[What you are asked to do] Your task is to transcribe the entries below exactly, from their first line down to the line containing "Appartement à louer", and to stop there.

[Material provided]
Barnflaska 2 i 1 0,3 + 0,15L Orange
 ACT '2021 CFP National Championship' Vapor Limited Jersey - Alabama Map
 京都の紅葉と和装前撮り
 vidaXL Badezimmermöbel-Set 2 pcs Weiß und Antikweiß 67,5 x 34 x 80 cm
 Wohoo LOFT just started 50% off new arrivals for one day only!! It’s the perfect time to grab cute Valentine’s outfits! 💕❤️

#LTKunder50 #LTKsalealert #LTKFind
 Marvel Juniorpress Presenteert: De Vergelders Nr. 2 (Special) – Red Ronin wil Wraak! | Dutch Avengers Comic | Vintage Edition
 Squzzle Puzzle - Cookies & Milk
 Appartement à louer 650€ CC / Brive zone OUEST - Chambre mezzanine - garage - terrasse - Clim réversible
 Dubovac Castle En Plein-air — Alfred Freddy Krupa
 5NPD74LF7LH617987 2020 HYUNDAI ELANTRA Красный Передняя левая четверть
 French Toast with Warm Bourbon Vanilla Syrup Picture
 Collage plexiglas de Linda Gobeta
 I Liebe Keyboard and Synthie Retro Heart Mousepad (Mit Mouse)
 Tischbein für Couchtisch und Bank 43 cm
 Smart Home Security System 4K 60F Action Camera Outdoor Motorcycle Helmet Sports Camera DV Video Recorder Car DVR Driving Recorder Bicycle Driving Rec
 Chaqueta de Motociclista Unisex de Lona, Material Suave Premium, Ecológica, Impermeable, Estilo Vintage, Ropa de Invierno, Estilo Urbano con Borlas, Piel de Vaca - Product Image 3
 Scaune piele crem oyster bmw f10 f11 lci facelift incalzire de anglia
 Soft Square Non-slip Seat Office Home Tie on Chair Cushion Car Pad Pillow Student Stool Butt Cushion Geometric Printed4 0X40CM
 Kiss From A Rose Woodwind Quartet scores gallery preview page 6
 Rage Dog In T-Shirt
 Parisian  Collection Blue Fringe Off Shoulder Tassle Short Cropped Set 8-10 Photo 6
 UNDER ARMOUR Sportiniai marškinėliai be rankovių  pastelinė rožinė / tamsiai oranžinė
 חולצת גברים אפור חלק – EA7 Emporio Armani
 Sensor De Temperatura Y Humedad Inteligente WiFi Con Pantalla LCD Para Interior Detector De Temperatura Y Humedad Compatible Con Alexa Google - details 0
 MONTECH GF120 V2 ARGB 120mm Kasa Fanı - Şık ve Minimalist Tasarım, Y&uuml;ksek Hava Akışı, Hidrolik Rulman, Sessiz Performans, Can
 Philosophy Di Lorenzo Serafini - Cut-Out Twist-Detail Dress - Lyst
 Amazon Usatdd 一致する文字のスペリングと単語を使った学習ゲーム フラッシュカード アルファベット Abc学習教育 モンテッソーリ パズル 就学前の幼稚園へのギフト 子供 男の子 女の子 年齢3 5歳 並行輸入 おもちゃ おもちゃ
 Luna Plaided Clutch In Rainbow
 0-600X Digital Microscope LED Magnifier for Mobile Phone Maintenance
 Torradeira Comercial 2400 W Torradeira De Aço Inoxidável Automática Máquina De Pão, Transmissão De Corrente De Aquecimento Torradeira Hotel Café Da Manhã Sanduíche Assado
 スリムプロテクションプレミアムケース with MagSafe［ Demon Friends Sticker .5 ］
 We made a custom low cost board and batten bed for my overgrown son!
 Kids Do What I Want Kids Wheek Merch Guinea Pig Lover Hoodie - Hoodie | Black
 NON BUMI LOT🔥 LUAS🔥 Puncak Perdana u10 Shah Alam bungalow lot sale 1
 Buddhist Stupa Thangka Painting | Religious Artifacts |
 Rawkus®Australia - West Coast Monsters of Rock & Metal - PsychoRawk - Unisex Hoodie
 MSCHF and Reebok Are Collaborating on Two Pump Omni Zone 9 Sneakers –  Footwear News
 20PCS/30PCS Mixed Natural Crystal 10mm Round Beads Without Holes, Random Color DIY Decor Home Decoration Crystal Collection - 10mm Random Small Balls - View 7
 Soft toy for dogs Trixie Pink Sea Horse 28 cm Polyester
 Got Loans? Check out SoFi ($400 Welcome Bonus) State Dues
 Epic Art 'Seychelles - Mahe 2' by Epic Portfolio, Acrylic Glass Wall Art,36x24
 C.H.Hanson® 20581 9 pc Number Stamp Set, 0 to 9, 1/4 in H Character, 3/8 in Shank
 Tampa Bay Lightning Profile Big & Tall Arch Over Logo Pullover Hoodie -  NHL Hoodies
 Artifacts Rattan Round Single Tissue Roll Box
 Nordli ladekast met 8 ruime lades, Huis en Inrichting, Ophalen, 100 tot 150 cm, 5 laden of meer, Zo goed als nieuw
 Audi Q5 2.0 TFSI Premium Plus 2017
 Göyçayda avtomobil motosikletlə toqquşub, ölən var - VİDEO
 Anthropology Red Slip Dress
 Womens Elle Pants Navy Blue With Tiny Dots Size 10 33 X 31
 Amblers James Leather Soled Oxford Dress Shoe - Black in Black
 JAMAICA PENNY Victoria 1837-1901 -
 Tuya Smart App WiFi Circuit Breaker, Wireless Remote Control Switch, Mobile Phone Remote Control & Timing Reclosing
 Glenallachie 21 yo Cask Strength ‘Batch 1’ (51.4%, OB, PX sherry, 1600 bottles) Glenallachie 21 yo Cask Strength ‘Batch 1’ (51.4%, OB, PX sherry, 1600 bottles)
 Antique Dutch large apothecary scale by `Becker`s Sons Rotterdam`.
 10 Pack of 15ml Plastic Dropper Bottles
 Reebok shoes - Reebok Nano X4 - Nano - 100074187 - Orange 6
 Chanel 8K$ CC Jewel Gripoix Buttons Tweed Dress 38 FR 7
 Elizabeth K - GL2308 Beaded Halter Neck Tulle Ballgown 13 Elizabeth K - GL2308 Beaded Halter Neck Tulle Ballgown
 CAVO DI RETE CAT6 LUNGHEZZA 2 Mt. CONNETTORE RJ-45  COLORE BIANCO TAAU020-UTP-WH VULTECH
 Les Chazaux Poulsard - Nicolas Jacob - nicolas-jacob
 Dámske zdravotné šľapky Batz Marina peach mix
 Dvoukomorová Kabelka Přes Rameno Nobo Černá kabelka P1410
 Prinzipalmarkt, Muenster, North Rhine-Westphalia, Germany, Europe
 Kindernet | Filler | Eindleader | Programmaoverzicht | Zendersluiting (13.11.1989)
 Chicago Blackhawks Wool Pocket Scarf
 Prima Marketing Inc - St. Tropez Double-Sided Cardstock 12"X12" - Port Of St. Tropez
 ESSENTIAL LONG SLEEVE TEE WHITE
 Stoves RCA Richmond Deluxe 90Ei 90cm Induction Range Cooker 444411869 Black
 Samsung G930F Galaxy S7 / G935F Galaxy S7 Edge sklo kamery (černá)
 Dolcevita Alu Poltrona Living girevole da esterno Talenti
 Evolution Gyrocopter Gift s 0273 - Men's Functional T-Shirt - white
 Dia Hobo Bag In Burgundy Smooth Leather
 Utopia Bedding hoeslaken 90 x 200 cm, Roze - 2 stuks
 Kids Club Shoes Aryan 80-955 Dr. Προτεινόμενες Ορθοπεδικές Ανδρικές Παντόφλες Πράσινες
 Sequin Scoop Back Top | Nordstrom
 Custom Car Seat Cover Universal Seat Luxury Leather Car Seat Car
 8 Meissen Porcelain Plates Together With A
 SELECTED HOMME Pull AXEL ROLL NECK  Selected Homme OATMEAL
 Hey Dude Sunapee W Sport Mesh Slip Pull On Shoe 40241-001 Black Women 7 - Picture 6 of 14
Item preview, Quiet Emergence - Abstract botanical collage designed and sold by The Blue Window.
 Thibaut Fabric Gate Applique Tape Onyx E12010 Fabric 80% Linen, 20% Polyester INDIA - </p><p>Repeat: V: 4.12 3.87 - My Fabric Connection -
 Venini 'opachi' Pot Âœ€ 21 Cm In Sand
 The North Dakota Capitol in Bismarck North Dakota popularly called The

[Finished exercise]
Barnflaska 2 i 1 0,3 + 0,15L Orange
 ACT '2021 CFP National Championship' Vapor Limited Jersey - Alabama Map
 京都の紅葉と和装前撮り
 vidaXL Badezimmermöbel-Set 2 pcs Weiß und Antikweiß 67,5 x 34 x 80 cm
 Wohoo LOFT just started 50% off new arrivals for one day only!! It’s the perfect time to grab cute Valentine’s outfits! 💕❤️

#LTKunder50 #LTKsalealert #LTKFind
 Marvel Juniorpress Presenteert: De Vergelders Nr. 2 (Special) – Red Ronin wil Wraak! | Dutch Avengers Comic | Vintage Edition
 Squzzle Puzzle - Cookies & Milk
 Appartement à louer 650€ CC / Brive zone OUEST - Chambre mezzanine - garage - terrasse - Clim réversible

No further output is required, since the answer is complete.